Work task: Could you retype exactly the line containing "Whisky and Cigar Lounge, Joali Maldives" and every line after it in the data below, leaving out the pictures?

Recorded data:
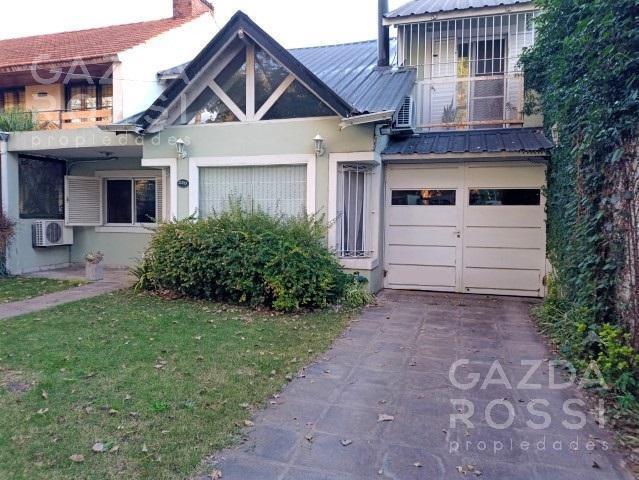 Casa · 357m² · 4 Ambientes · 2 Cocheras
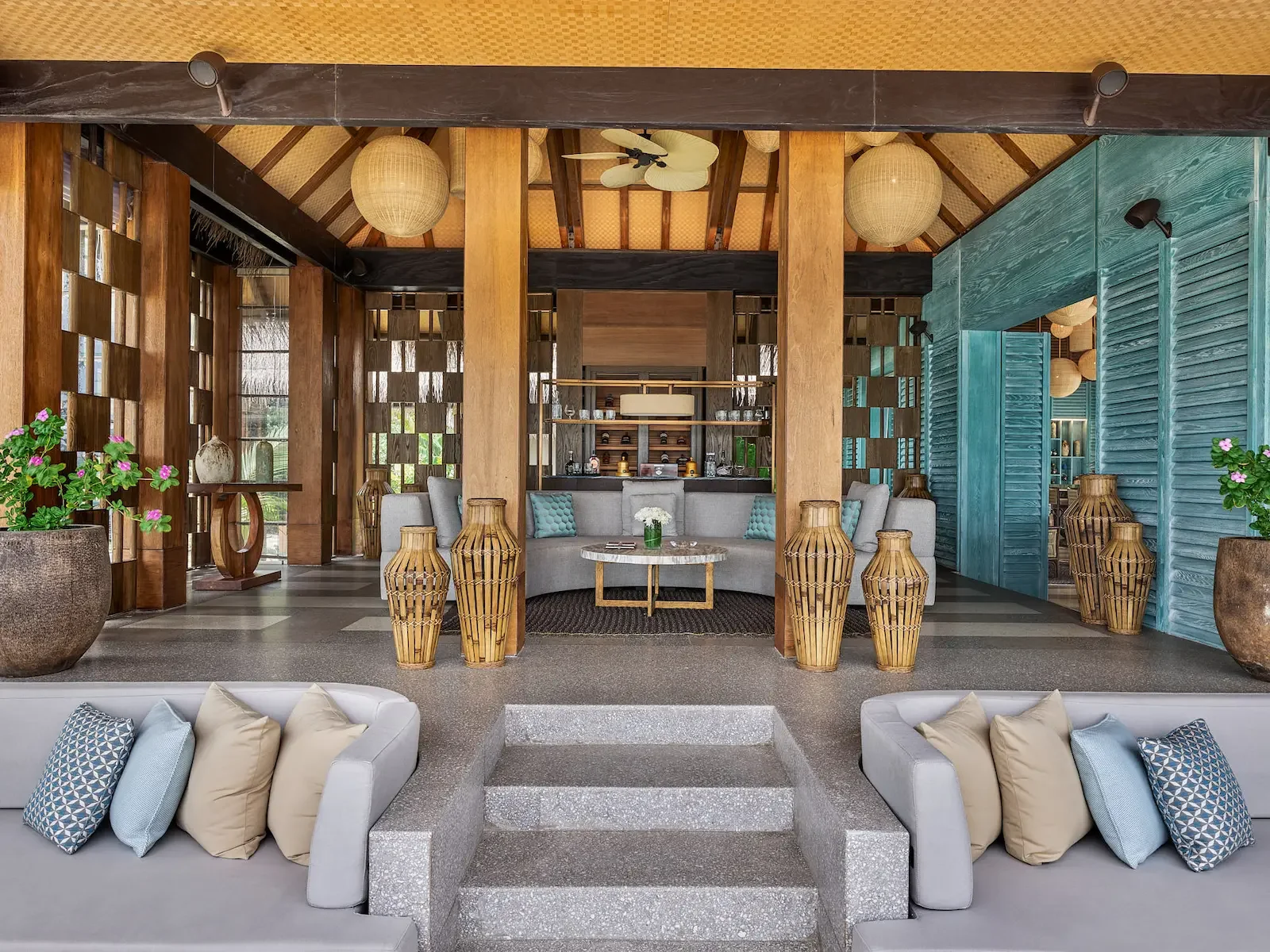 Whisky and Cigar Lounge, Joali Maldives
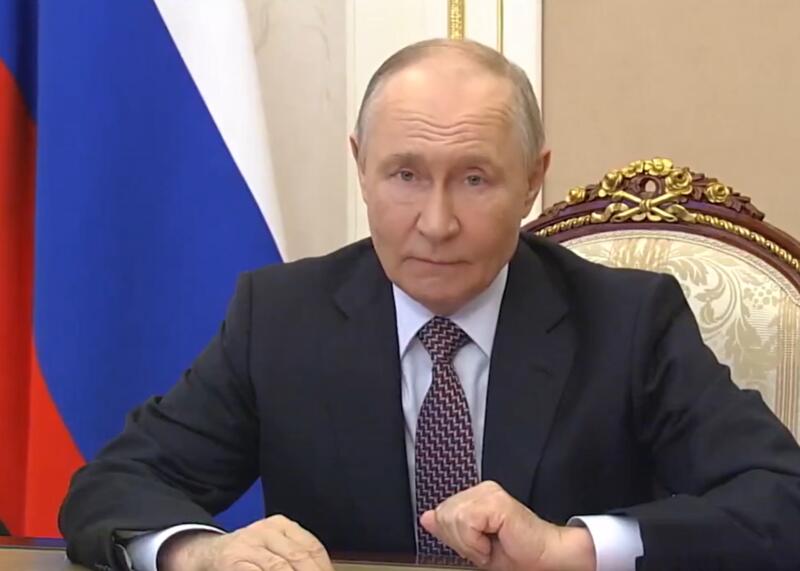 dyktator Putin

Answer box:
 Whisky and Cigar Lounge, Joali Maldives
 dyktator Putin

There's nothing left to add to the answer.